The graph above is featured in a paper published by Google a couple of years ago detailing the first-generation Tensor Processing Unit (TPU). It’s a very insightful paper, because it compares the performance of Google’s TPU against two other processors. You can see three different Rooflines in the graph above: one in red, one in gold and one in blue. The blue Roofline represents the Google TPU, a special purpose-built piece of silicon that was specifically designed for AI inferencing. The NVIDIA K80 – a GPU designed to handle a larger class of operations – is in red. Represented in gold is the Roofline for the Intel Haswell CPU, a very general-purpose processor.
Source: N.Jouppi, et.al., “In-Datacenter Performance Analysis of a Tensor Processing UnitTM,” https://arxiv.org/ftp/arxiv/papers/1704/1704.04760.pdf
In the Google paper, 6 neural networks were coded for each of the different architectures. The stars show the architectures of neural networks that were coded for the Google TPU. The triangles are the same neural network architectures coded for the NVIDIA K80, while the circles are the same neural network architectures coded for the Intel Haswell processor. When you look at the neural networks running on the Intel Haswell and the NVIDIA K80, you will observe that many of the circles and triangles are under the flat part of the respective Rooflines – and many of them are under the slanted part of these Rooflines. This means some of the neural networks are limited by memory bandwidth, while others are more limited by compute performance for these processor architectures.
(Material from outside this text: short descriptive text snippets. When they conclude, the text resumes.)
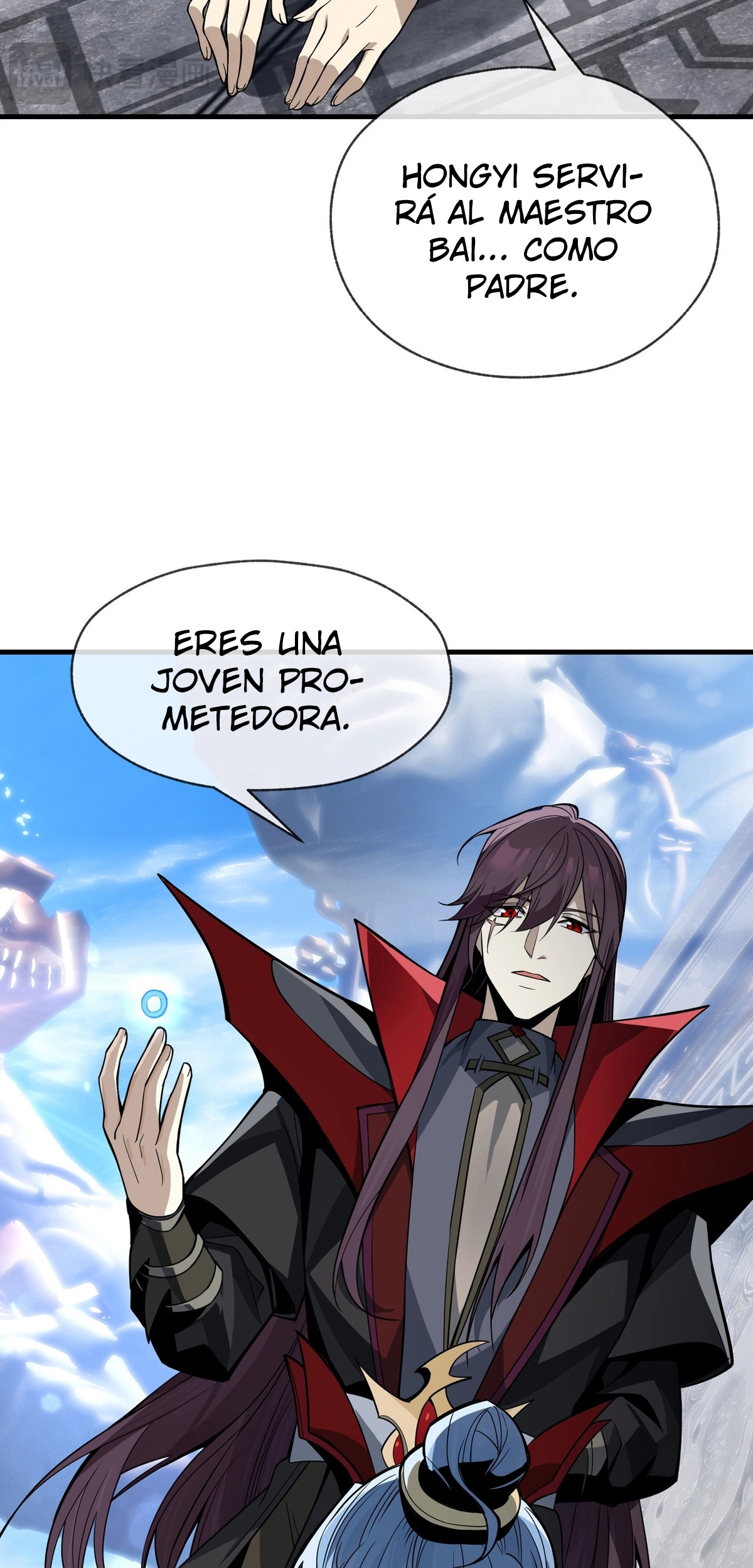Read ¡Yo el Señor Demonio estoy siendo el objetivo de mis discípulas! ES Manga Online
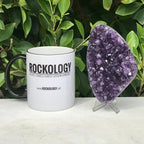 Brilliant Crystal Faced Amethyst Plate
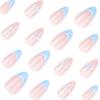 Paznokieć na wcisk, Kleje do przyklejania sztucznych paznokci, Paznokieć akrylowy, Sztuczny paznokieć do projektów Nail Art DIY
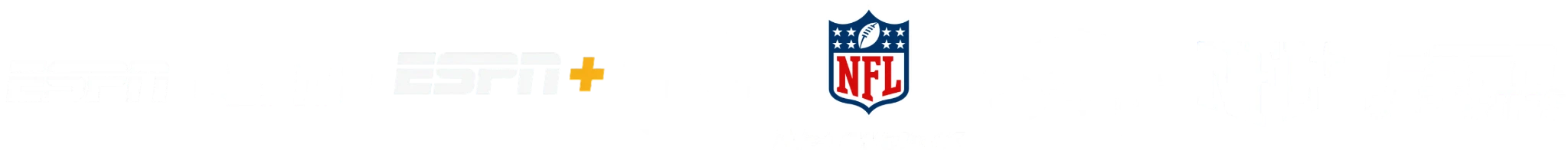 ESPN, ESPN2, ESPN+, ABC, NFL Network, Disney+, NFL+ and ESPN Deportes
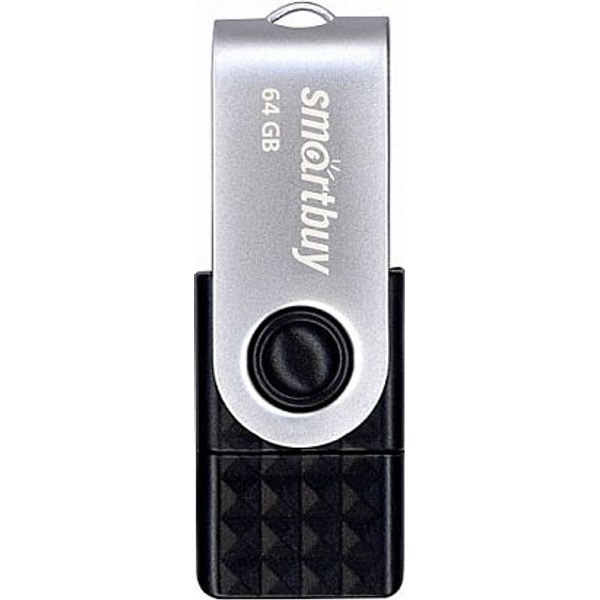 Smartbuy Trio 3-in-1 — USB 3.0 / Type-A + Type-C + microUSB (OTG)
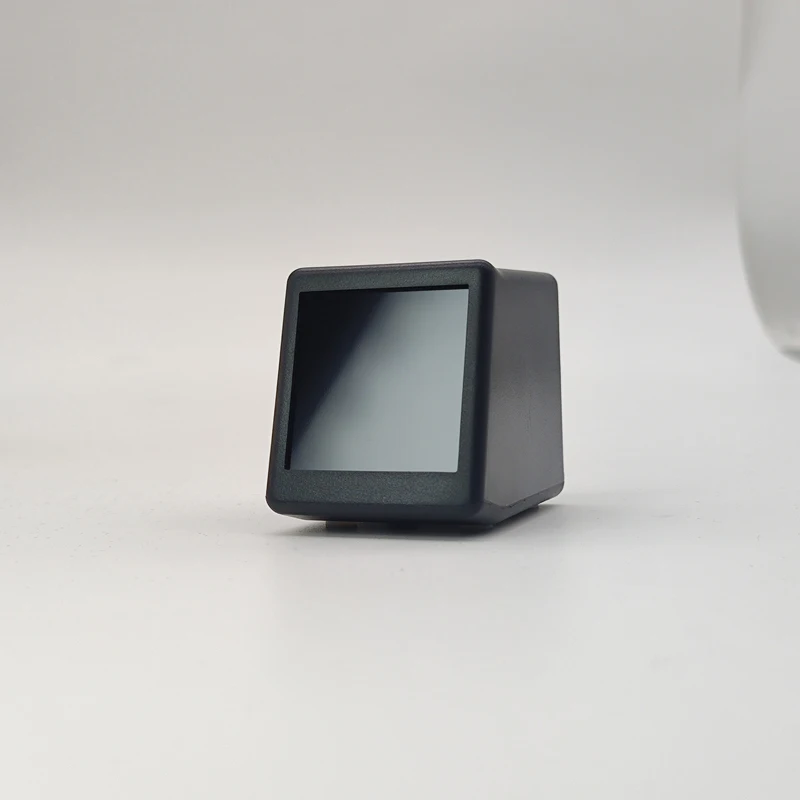 Digital Clock Table Clock Weather Clock LCD Digital Clock Digital Desk Clock Digital Table Clock Mini Desk Clock Mini Weather Clock MINI Size Smart WIFI Weather Station Clock for Gaming Desktop Decoration. DIY Cute GIF Animations and Electronic Album function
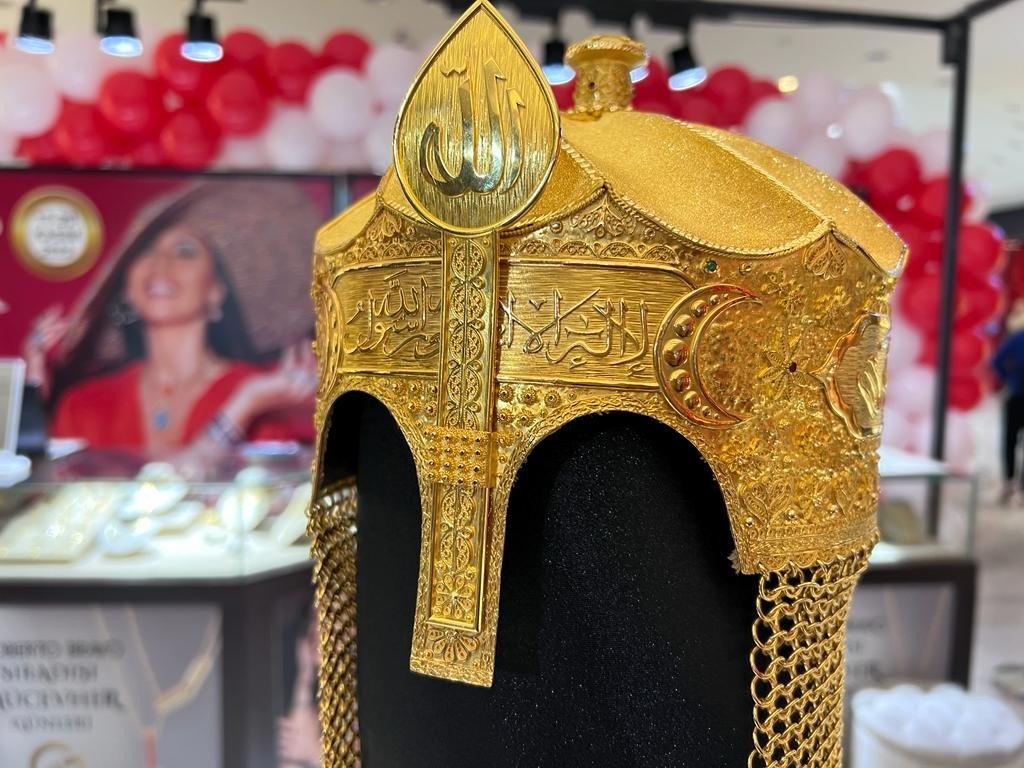 Fiyatını duyan dokunmaya korkuyor, ağırlığı 3 kilo değeri 3 buçuk milyon lira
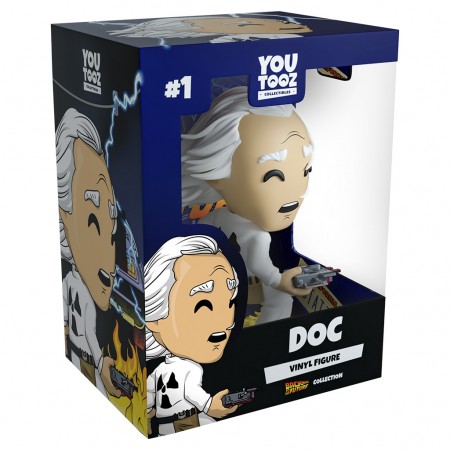 Boneco Youtooz Back To The Future - Doc Brown #1 (541188273072)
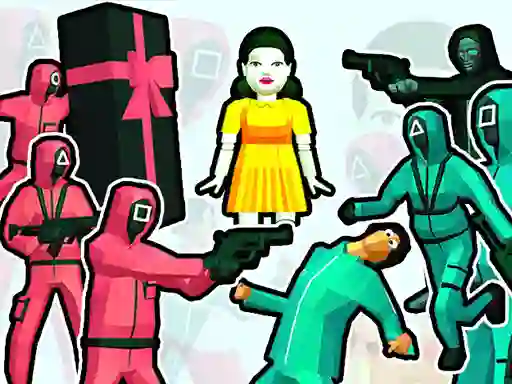 Joc Squid Battle Simulator en línia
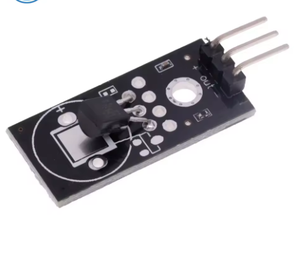 18B20 DS18B20 Salida de señal digital Módulo de medición de temperatura Sensor de detección de placa para cable DC 5V Dupont - Product Image 1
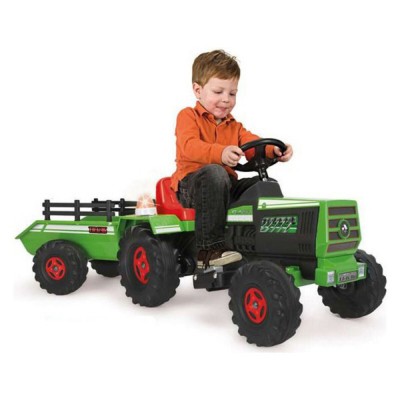 Tractor Injusa Basic 6V (136 x 52 x 50 cm) foto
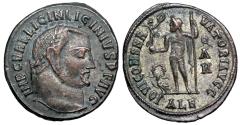 Ancient Coins - Licinius I IOVI CONSERVATORI AVGG from Alexandria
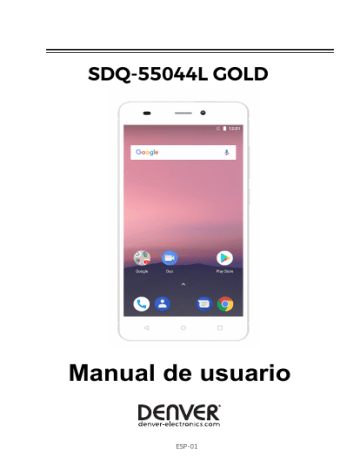 Denver SDQ-55044LGOLD User manual | Manualzz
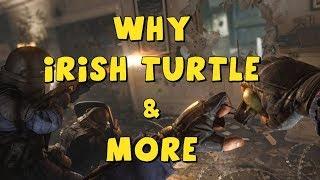 Why Irish Turtle And More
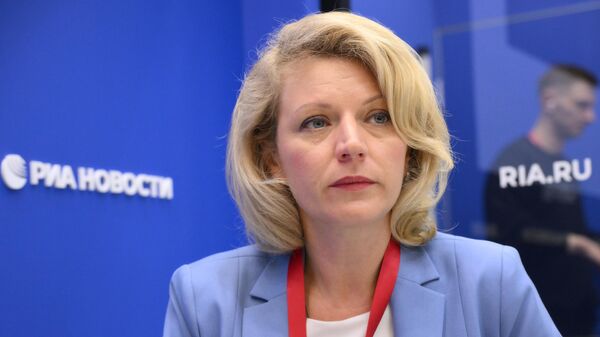 Аудитор Счетной палаты Российской Федерации Наталья Трунова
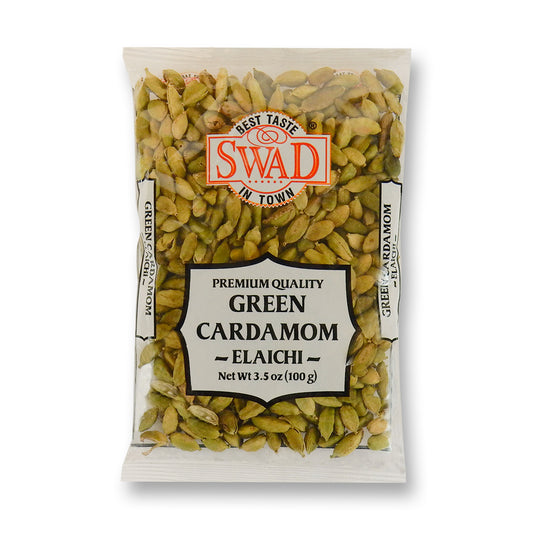 Swad Green Cardamom 3.5 Oz.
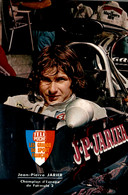 Petit Poster De Jean-Pierre Jarier Découpé Dans Télé Poche - Automobile - F1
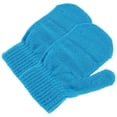 thumbnail image 1 of Toddler Winter Gloves Thick Knitted Mittens for Kids Warm Protection, 1 of 4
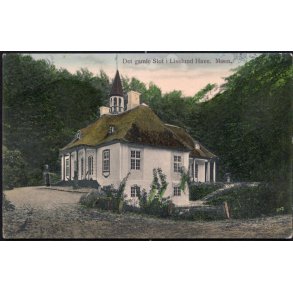 Det gamle Slot i Liselunds Have - Møen -C.M. Nielsen u/n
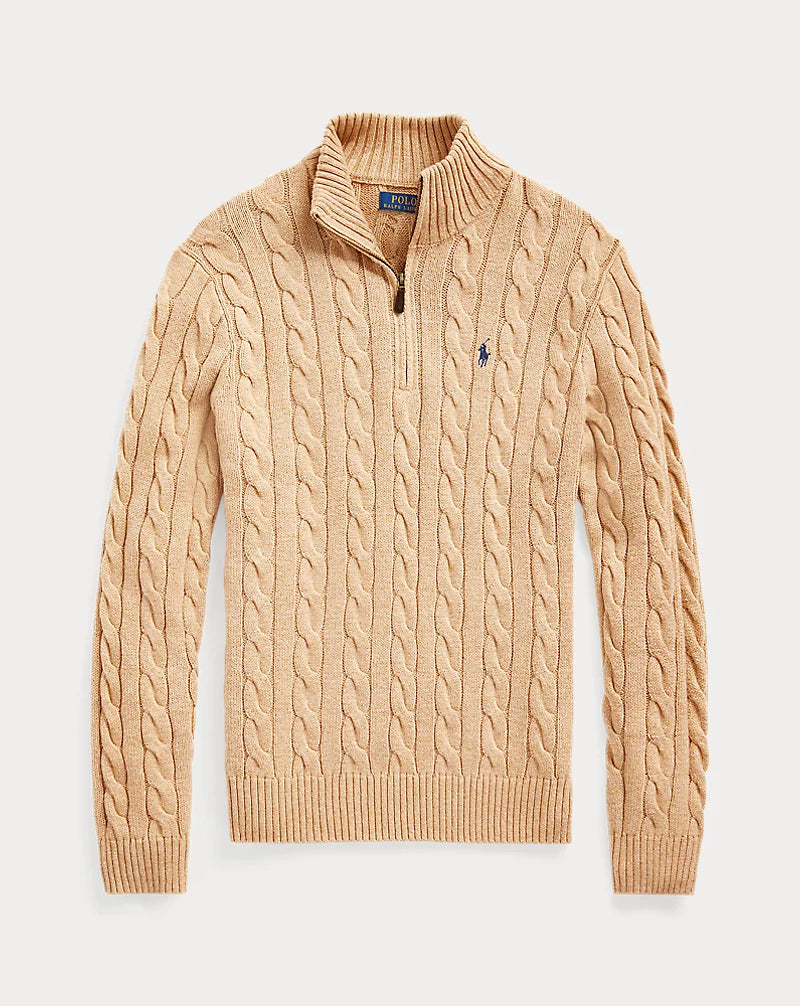 COMPRE 1 LEVE 2 - Suéter POLO RL tricô com zíper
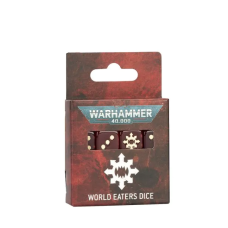 Кубики для гри WARHAMMER 40000: WORLD EATERS DICE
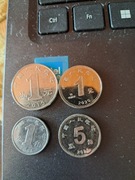 Monety i banknot Chiny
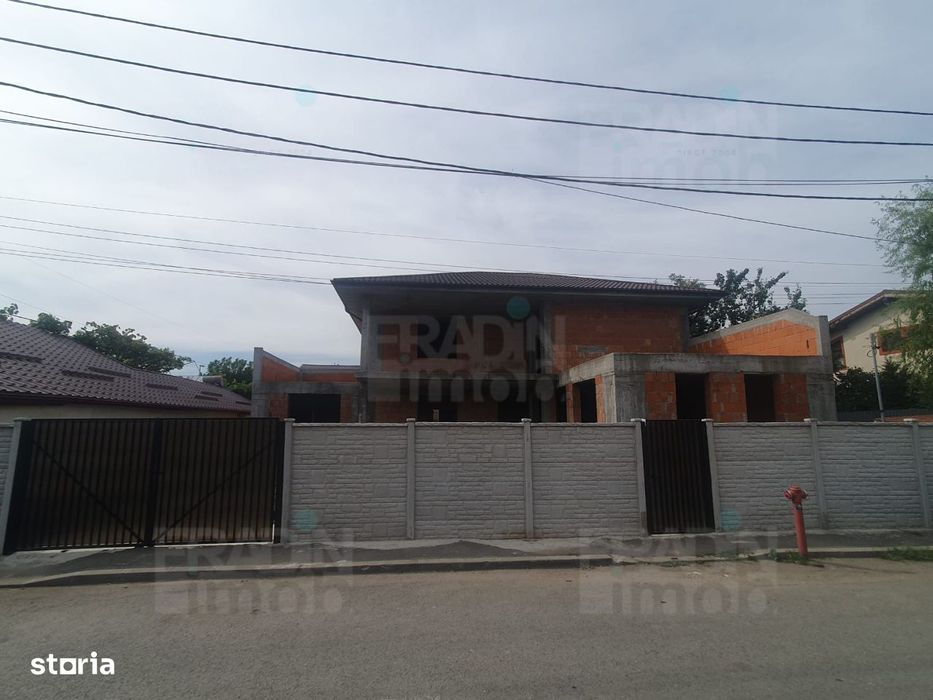 Voluntari, vilă masivă, sănătos construită, aproape de Dragonul Roșu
However, when you look at the stars you see the majority lie on or under the sloped part of the Roofline for the Google TPU. This placement tells us that memory bandwidth is a critical bottleneck for machine learning applications running on these purpose-built AI processors. In fact, it’s part of the reason why Google used HBM (the highest bandwidth discrete DRAM memory available at the time) in future versions of the TPU. So, we can certainly infer that memory bandwidth is critical for AI silicon and applications.
Since memory is an important resource for AI chips, it is essential to make the best use of available bandwidth. Indeed, traditional scientific calculations are frequently executed as 32-bit and 64-bit floating point numbers. However, modern research has shown this level of precision isn’t needed to achieve good performance for machine learning applications. It turns out that many architectures use reduced precision, so instead of executing all calculations with 32-bit numbers, sometimes 16-bit, 8-bit, or even fewer bits are used. This approach of utilizing “reduced precision” numbers has the benefit of maximizing available bandwidth, because you can squeeze in more numbers, as each number now takes fewer bits to encode.